→ **Provided records**
>>>

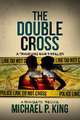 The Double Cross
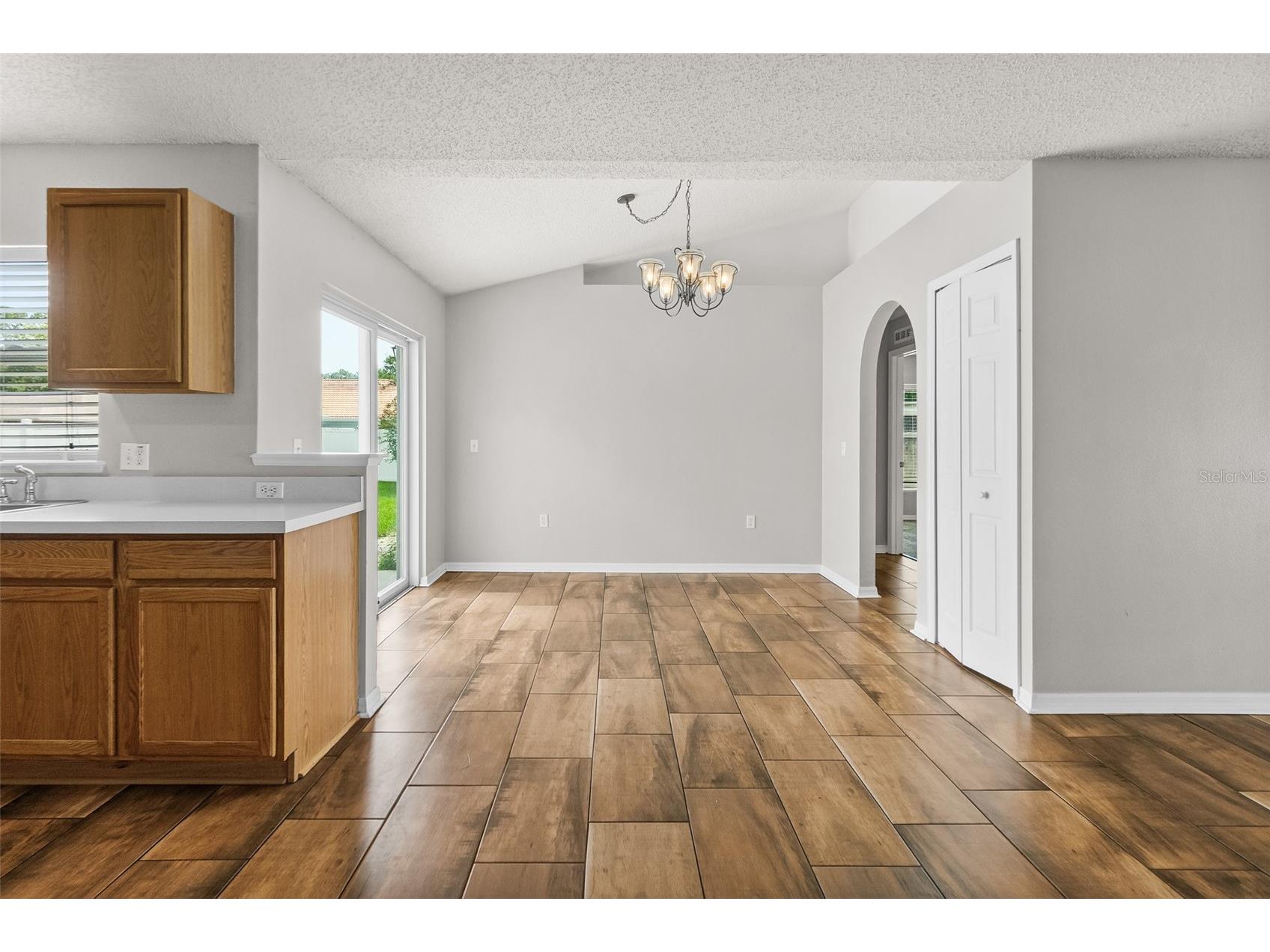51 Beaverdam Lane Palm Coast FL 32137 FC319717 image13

<<<
>>>

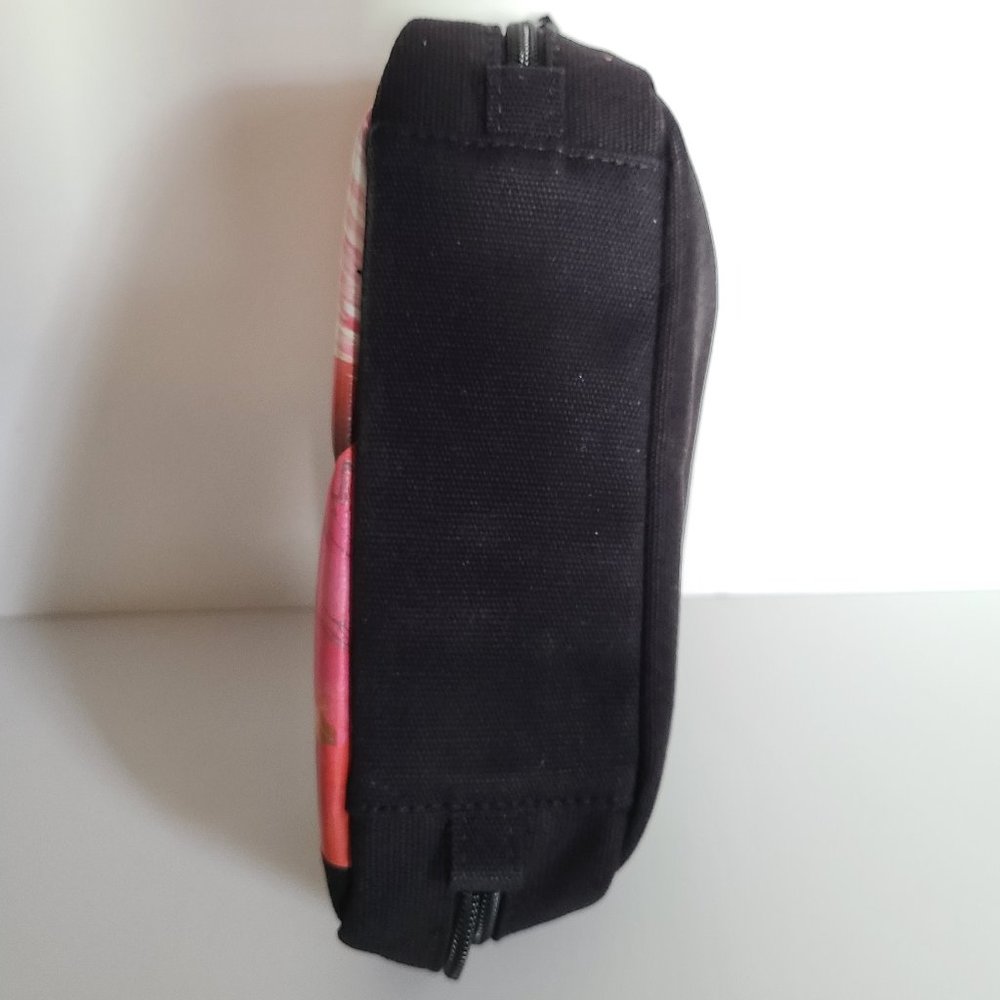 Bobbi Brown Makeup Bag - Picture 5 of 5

<<<

→ **Task description**
Although the records hold pictures, the copy must not; give again exactly the lines from the one with "The Double Cross" through the one with "51 Beaverdam Lane".

→ **Written solution**
 The Double Cross
51 Beaverdam Lane Palm Coast FL 32137 FC319717 image13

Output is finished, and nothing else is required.